Our study demonstrated slightly higher overall PPVs for both community and tertiary center interpretation of PI-RADS 3 lesions (0.2 vs. 0.17 compared to 0.11 vs. 0.12 in Ecke and 0.11 vs. 0.12 in Hansen). We also demonstrated overall higher PPVs for both community and tertiary center interpretation in PI-RADS 4 and 5 lesions, ranging from 0.32 to 0.51 vs. 0.55 to 0.58 for PI-RADS 4 and 0.38 to 0.75 vs. 0.52 to 0.92 for PI-RADS 5 (pooled in Hansen as 0.23 vs. 0.43 and in Ecke as 0.35 vs. 0.61).

We posit that the higher PPVs for tertiary center interpretation were due to the advantages offered by a multidisciplinary board, including clinician input, clinical context, pooled expertise, and subspecialist interpretation. During the second read the subspecialist radiologist accesses clinical parameters such as PSA density, PSA trend, sites of prior targeted or systematic biopsy, and family history via the electronic medical record (EMR), which offer additional insight into the degree of clinical suspicion for csPCa. It is not clear if this is done with all the community interpretations, as only some of the reports include this information.

A recent ESUR consensus statement recommends that all radiologists who interpret prostate MRI participate in some form of multidisciplinary review [21]. Unfortunately, not all centers have the resources or manpower necessary for multidisciplinary rounds and centralized second-opinion reporting for all studies would be impractical. Our center is attempting to mitigate this issue by extending virtual access to multidisciplinary rounds to radiologists at community hospital sites. Further proposed strategies to improve performance in smaller volume centers focus on structured training, with a composite of attendance at hands-on workshops, continuing professional development credits, online course learning or a period of supervised double-reading by an experienced reader, as well as in-practice assessments to ensure quality control [22, 23].

Limitations

Our study has several limitations. If a lesion initially scored as PI-RADS ≥ 3 on community interpretation was determined to be PI-RADS < 3 on second read, the patient did not proceed to biopsy and we were therefore unable to determine the false negative rate for second-opinion reads. Furthermore, the decision to refer for multidisciplinary review was contingent on the initial community center interpretation, which introduces selection bias. Prostate MRIs that were interpreted to be normal at community centers were not referred for consideration of fusion biopsy and were therefore not reviewed at our multidisciplinary rounds unless a second read was specifically requested by the referring physician. Thus, we cannot comment on the concordance of findings between community and tertiary centers with respect to normal scans on first read. The initial reads were performed by a wide range of radiologists with a variable level of experience reading prostate MRI. Furthermore, although our site has been performing fusion biopsies for 7–10 years during the study period and has extensive institutional experience, we did not control for the level of individual operator experience in performing the biopsies, which may have affected targeting accuracy.
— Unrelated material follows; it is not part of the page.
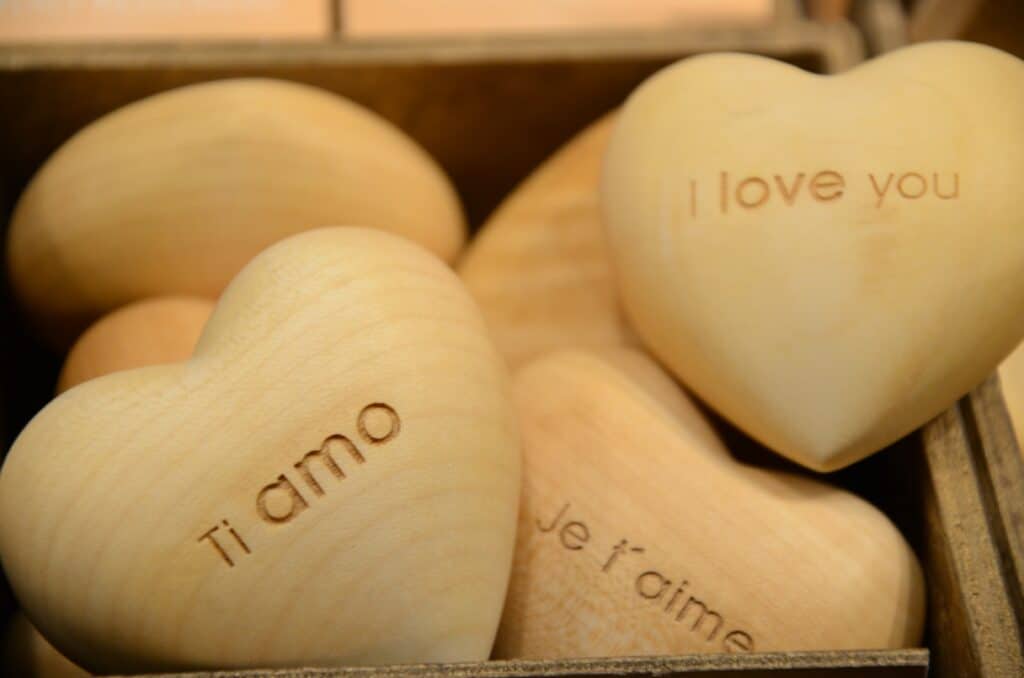 I-love-you-in-different-languages-on-wooden-hearts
Of the 251 patients eligible for biopsy, 51 did not receive biopsy for a composite of reasons including preference for surveillance, loss to follow-up, and delays and cancelations due to the COVID-19 pandemic. In particular, downstaging a lesion from PI-RADS 4 and 5 to PI-RADS 3 on second-opinion review changes the risk–benefit ratio of biopsy such that the patient and referring urologist may elect not to proceed.
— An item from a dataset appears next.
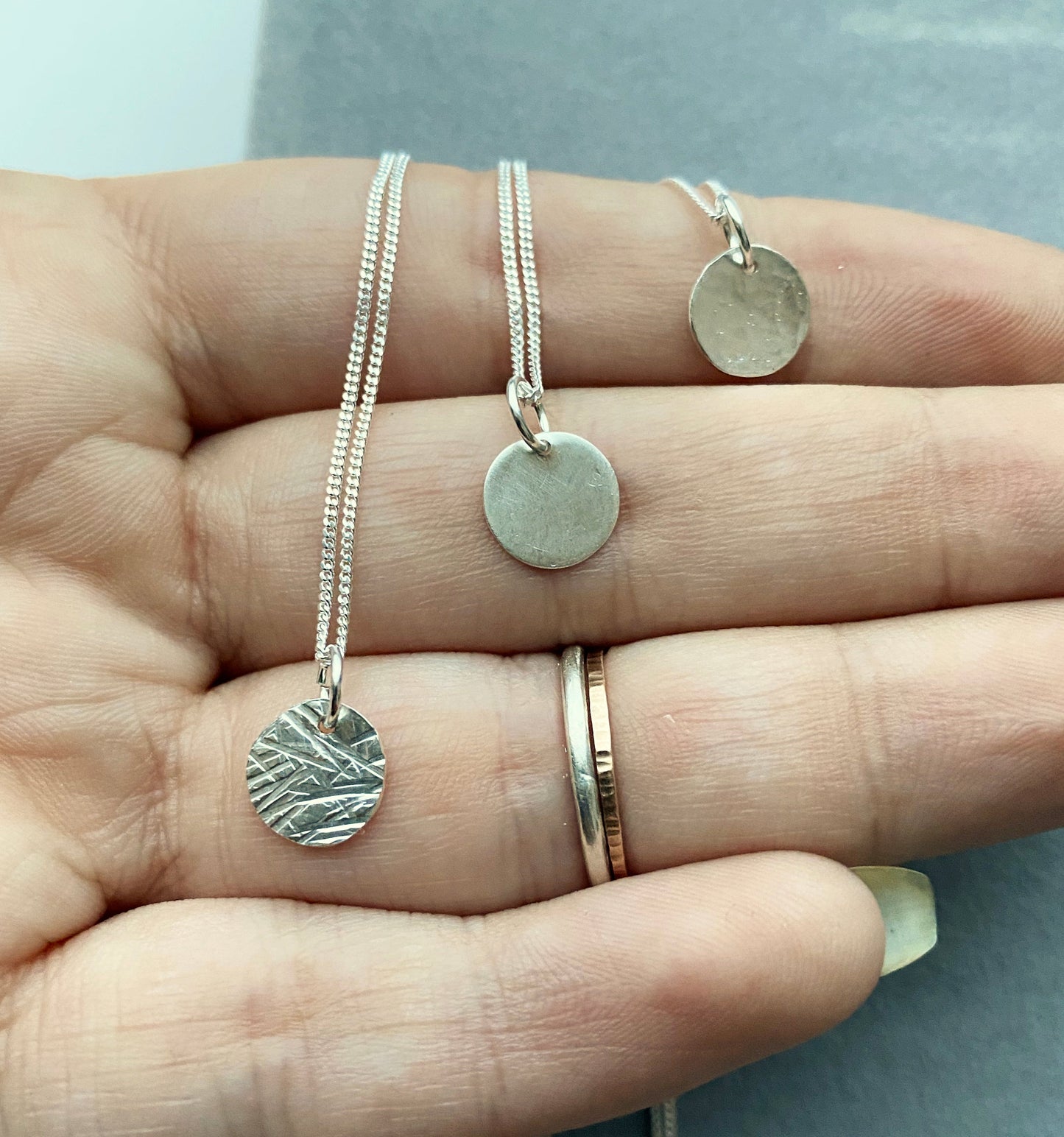 Silver disc necklace NM47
In conclusion, there is variability in community and tertiary care center interpretation of prostate MRI in cancer detection. Overall concordance rates were improved for higher grade and peripheral zone lesions, with tertiary center reinterpretation demonstrating higher PPVs for transition zone lesions.
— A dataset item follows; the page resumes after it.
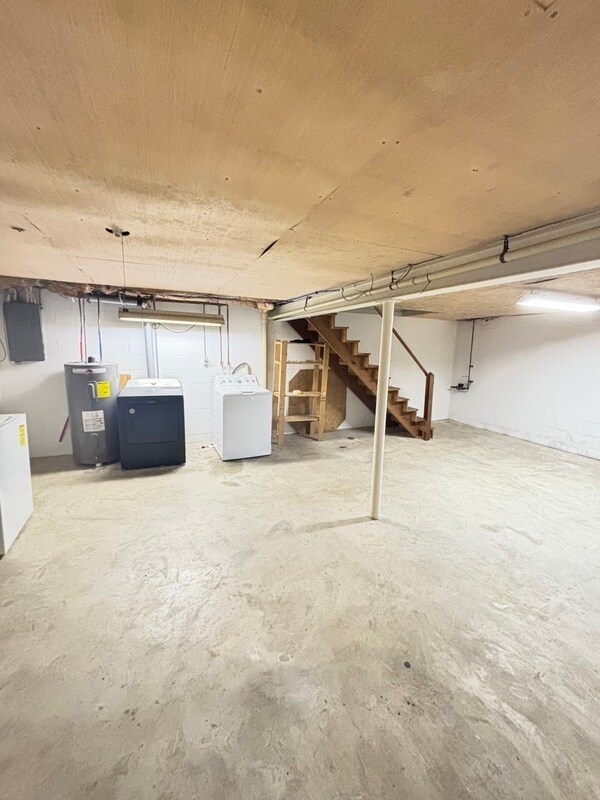 Building Photo - 136 Crestmont Ave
Variability in the interpretation of prostate MRI for cancer detection between community and tertiary care centers demonstrate the added value of multidisciplinary round review and highlight the need for ongoing education, quality assurance, and feedback. Potential avenues include virtual participation in multidisciplinary review boards for radiologists practicing outside of tertiary care centers.